Try it - Repeat the lines from the one containing "Closeup of fresh" through the end of the listing exactly, both ends included. Do not carry over any pictures.

------ Provided data ------

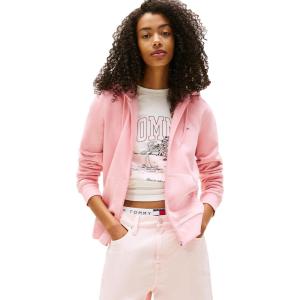 Tommy Jeans womens Medium Weight Zip Up Hoodie With Script Logo and Drawstring(Ballet Pink)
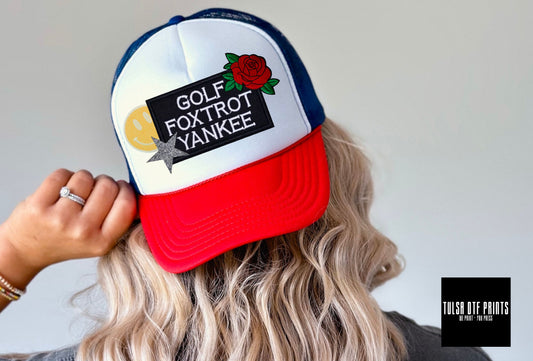 DTF GOLD FOXTROT YANKEE FAUX HAT PATCH TRANSFER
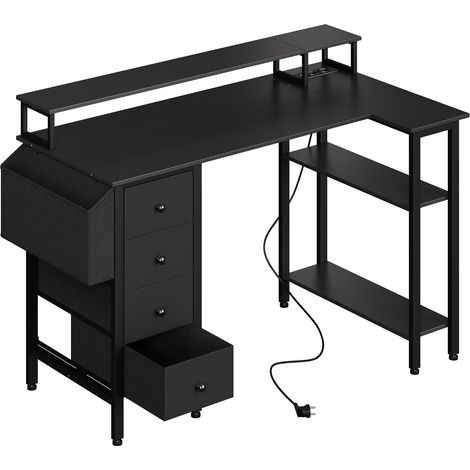 Homevive Escritorio para Ordenador con Estación de Carga Mesa de Computadora con Estante de 2 Niveles Soporte para Monitor 4 Cajones para Oficina en Casa Negro (1/5)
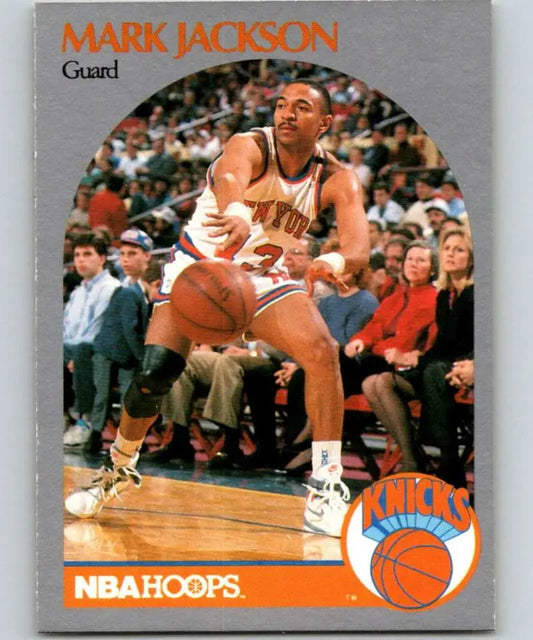 Vintage 1990-91 Hoops Basketball Card of Mark Jackson, New York Knicks Player in Action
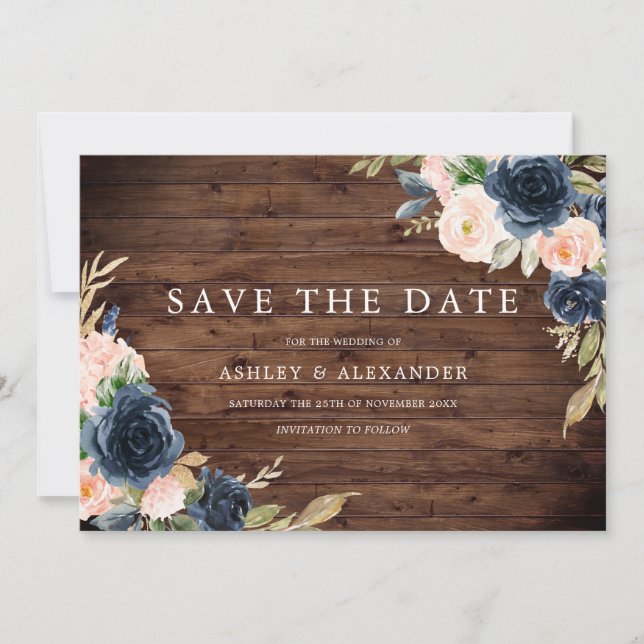 Save The Date Mariage Floral Rustique Navy Blush (Devant)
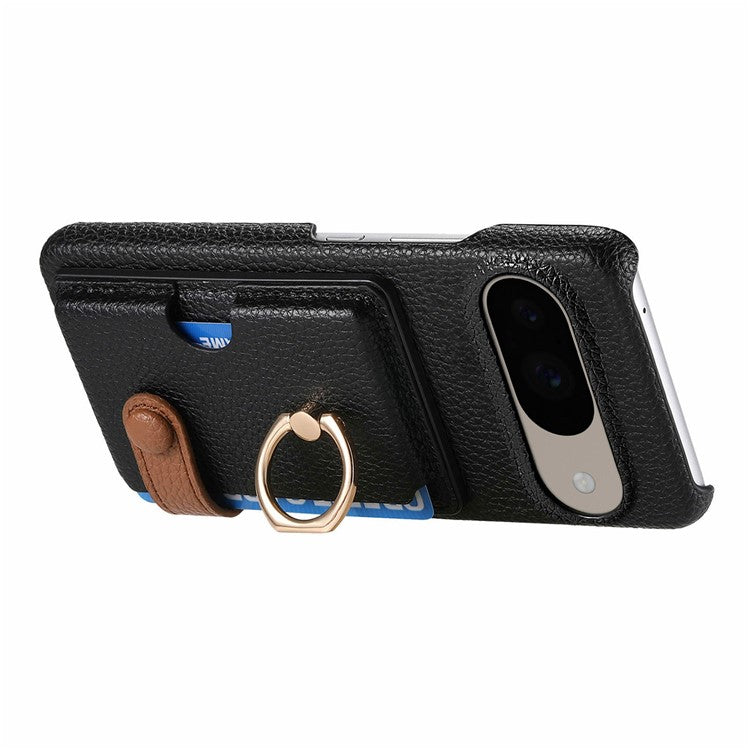For Google Pixel 9 / 9 Pro Case Ring Holder Kickstand Card Slot Leather Phone Back Cover - Black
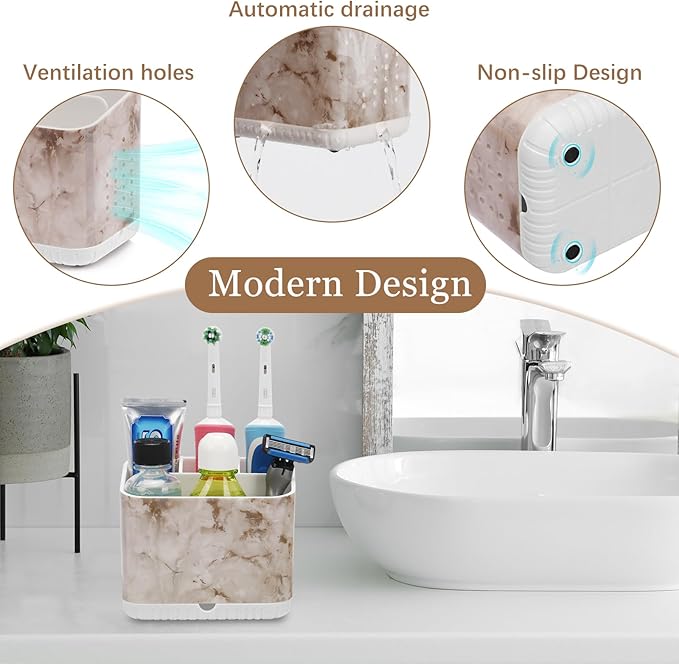 Toothbrush Holders for Bathrooms, Kids Electric Toothbrush and Toothpaste Holder, Toothbrush Caddy Organizer, 4 Slots Tooth Brushing Stand for Bathroom Organizer Countertop (White Marble)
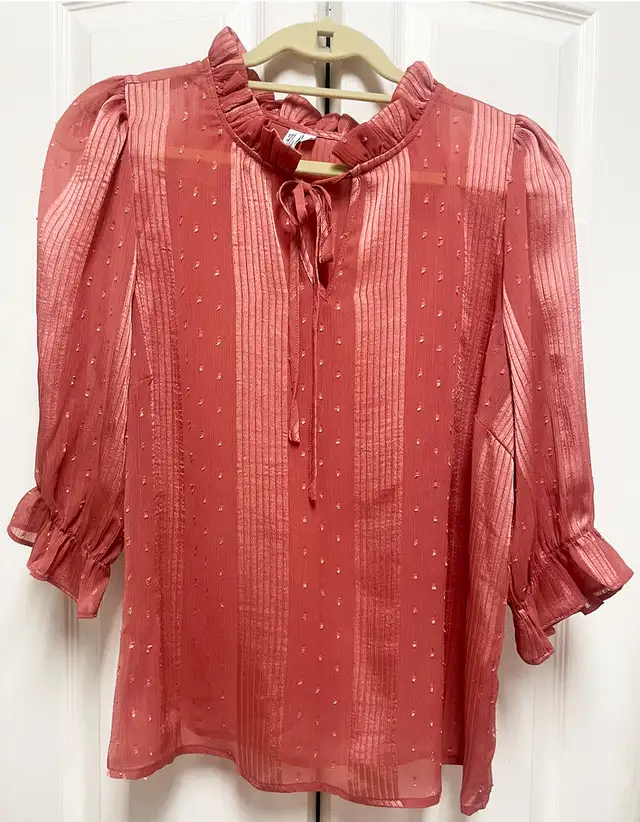 Terracotta-Peach 2-piece Blouse & Skirt Set, sz. L in Women's - Dresses & Skirts in Delta/Surrey/Langley - Image 4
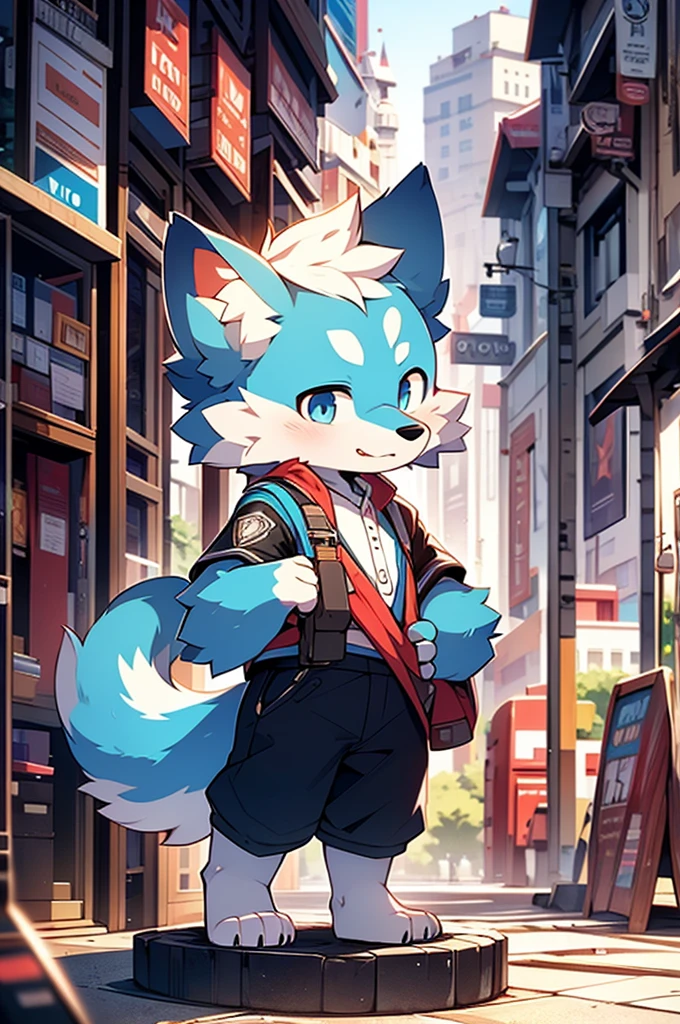 Blue fur, Canine, fox motif, boy, uniform,expensive,One person,Stand up on your own feet,背がexpensive,Cityscape,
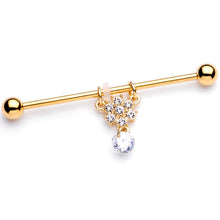 Load image into Gallery viewer, 14G Clear Gem Gold Tone Regal Crest Dangle Industrial Barbell 38mm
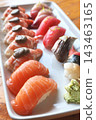 Closeup of fresh sushi on ceramic dish 143463165
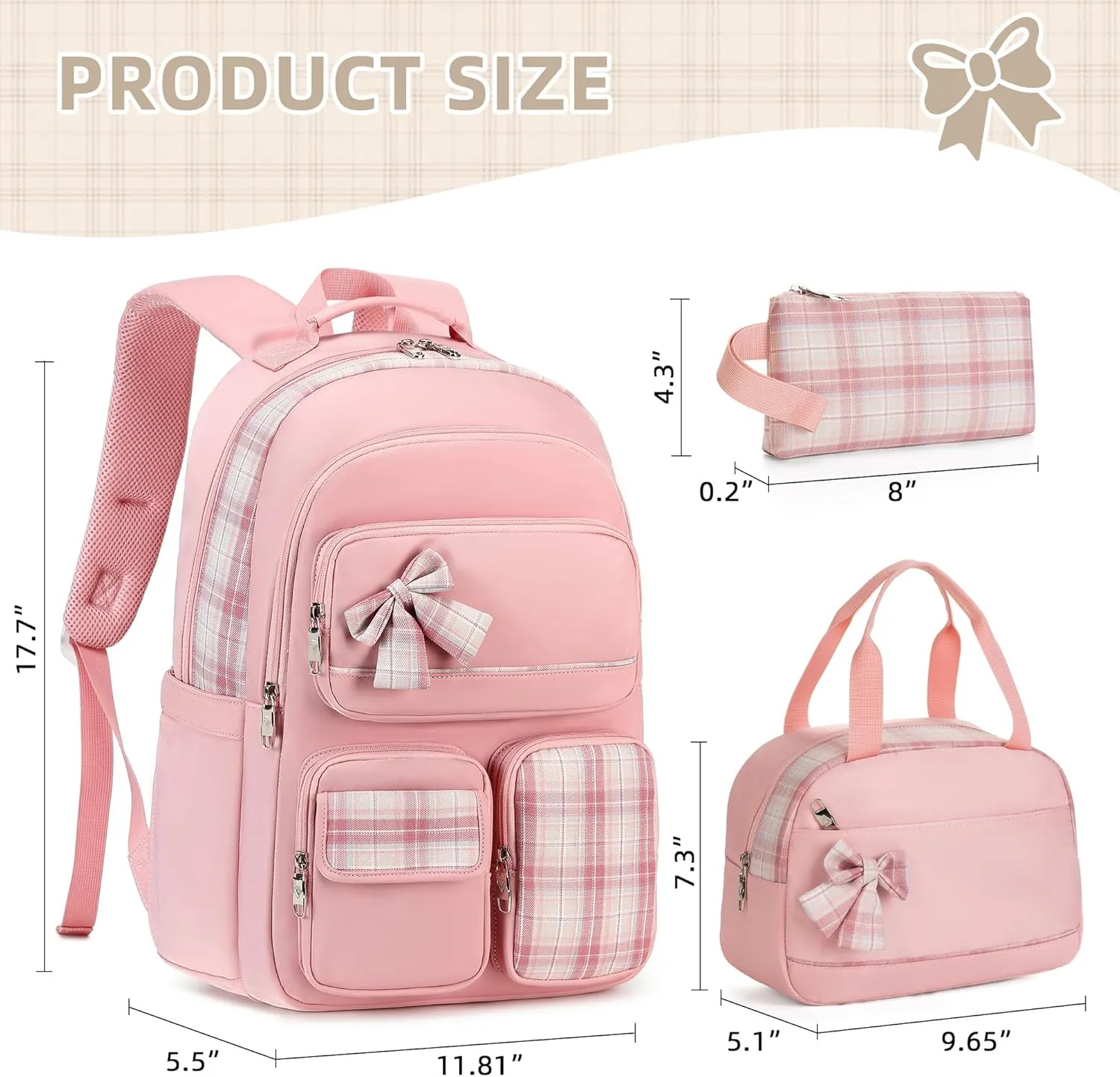 Girls Backpack,3pcs Backpacks with Lunch Box Pencil Case Set 15.6 Inch Laptop School Bag Kids Kindergarten Elementary College Bags Large Bookbag for Teen Women Students Casual Travel Daypacks Pink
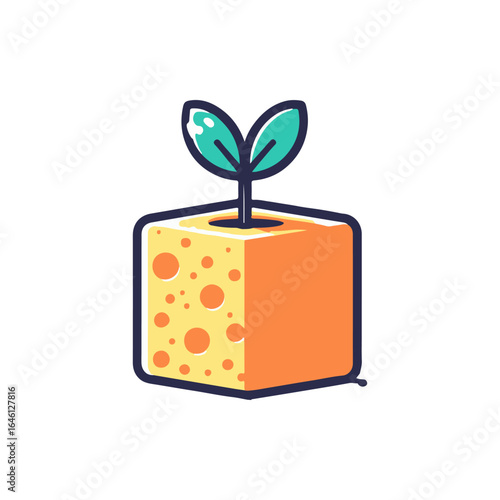 A vibrant orange cheese block with a green sprout emerging from the top, symbolizing growth
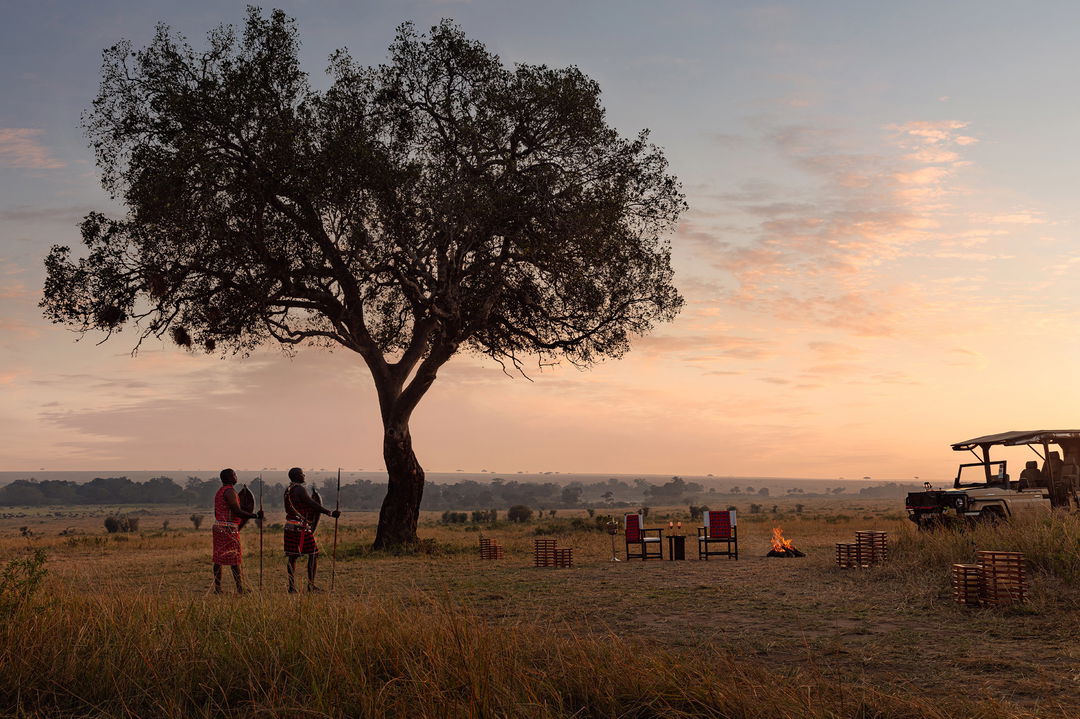 sundowners under a tree on the plains of ritz carlton masai mara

------

Exercise result -
 Closeup of fresh sushi on ceramic dish 143463165
 Girls Backpack,3pcs Backpacks with Lunch Box Pencil Case Set 15.6 Inch Laptop School Bag Kids Kindergarten Elementary College Bags Large Bookbag for Teen Women Students Casual Travel Daypacks Pink
 A vibrant orange cheese block with a green sprout emerging from the top, symbolizing growth
 sundowners under a tree on the plains of ritz carlton masai mara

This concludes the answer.